::: DATASET SECTION :::

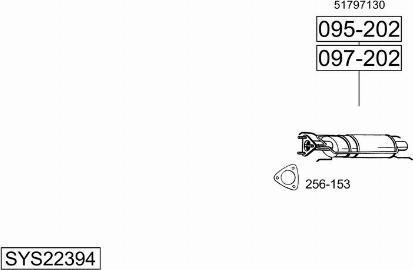 Bosal SYS22394 - Система випуску ОГ autocars.com.ua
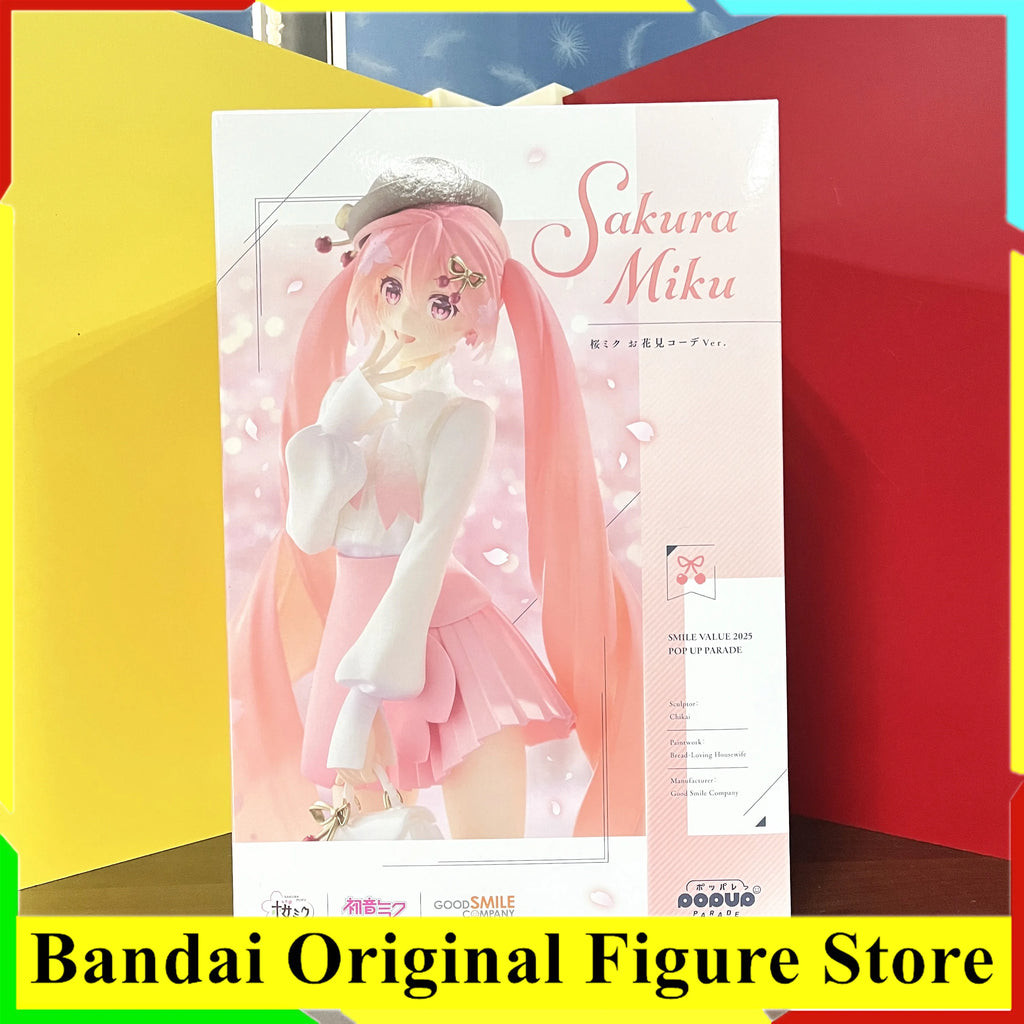 Original Pop Up Parade Vocaloid Hatsune Miku Smile Value 2025 Sakura Hanami Outfit Ver. Action Figure Toys PVC Model Collection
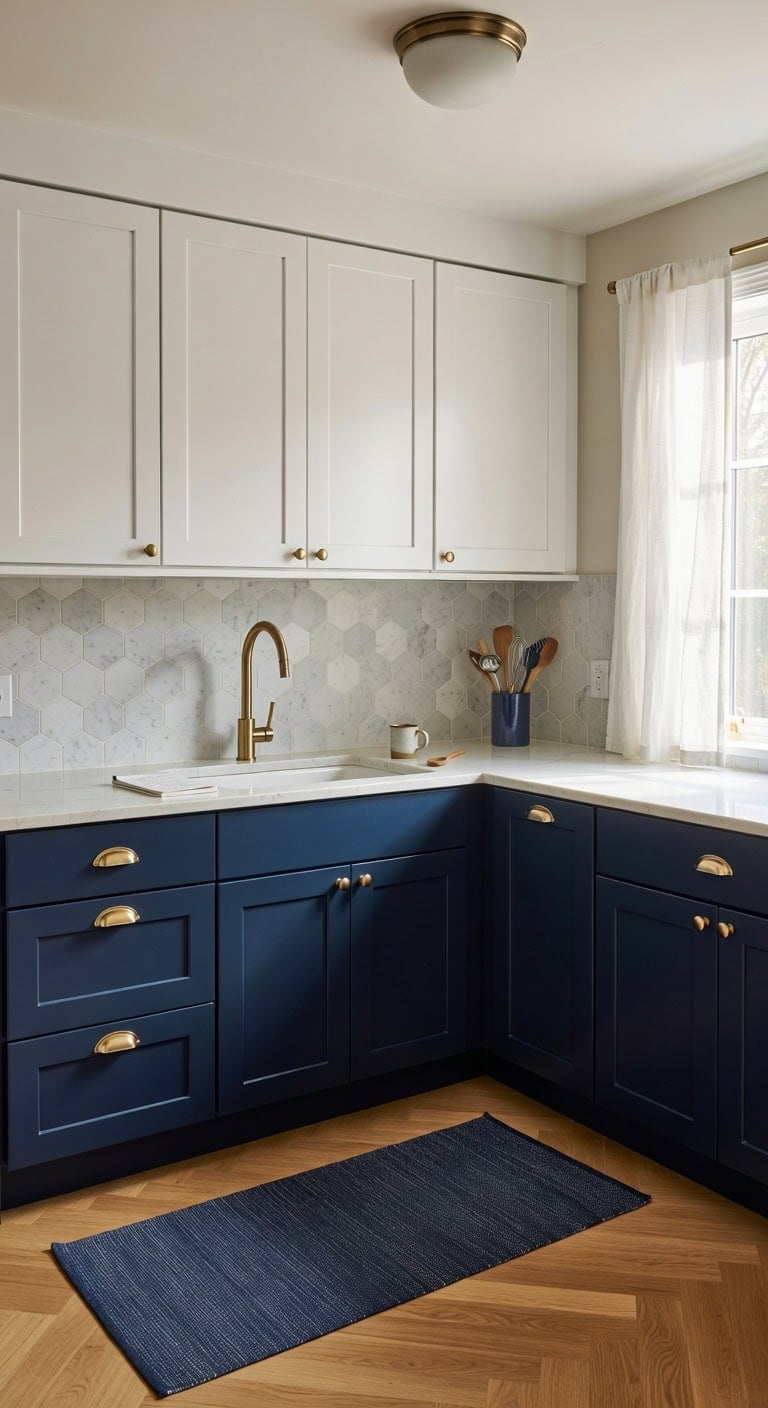 intentional contrast elevates kitchen aesthetic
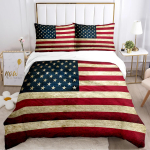 USA UK Riigilipu Digitaalne Pol&uuml;ester Tekikott Voodipesukomplektid Pehme Tekikott ja Padjap&uuml;&uuml;rid Teismelistele &Uuml;hekohaline/Kahekohaline/Queen/King US Twin(172x218cm)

:::

◆ **INSTRUCTIONS FOR THE TASK**
From the line with "Original Pop Up" through the end of the listing, write out every line exactly, leaving out the pictures.

◆ **TASK RESULT**
 Original Pop Up Parade Vocaloid Hatsune Miku Smile Value 2025 Sakura Hanami Outfit Ver. Action Figure Toys PVC Model Collection
 intentional contrast elevates kitchen aesthetic
 USA UK Riigilipu Digitaalne Pol&uuml;ester Tekikott Voodipesukomplektid Pehme Tekikott ja Padjap&uuml;&uuml;rid Teismelistele &Uuml;hekohaline/Kahekohaline/Queen/King US Twin(172x218cm)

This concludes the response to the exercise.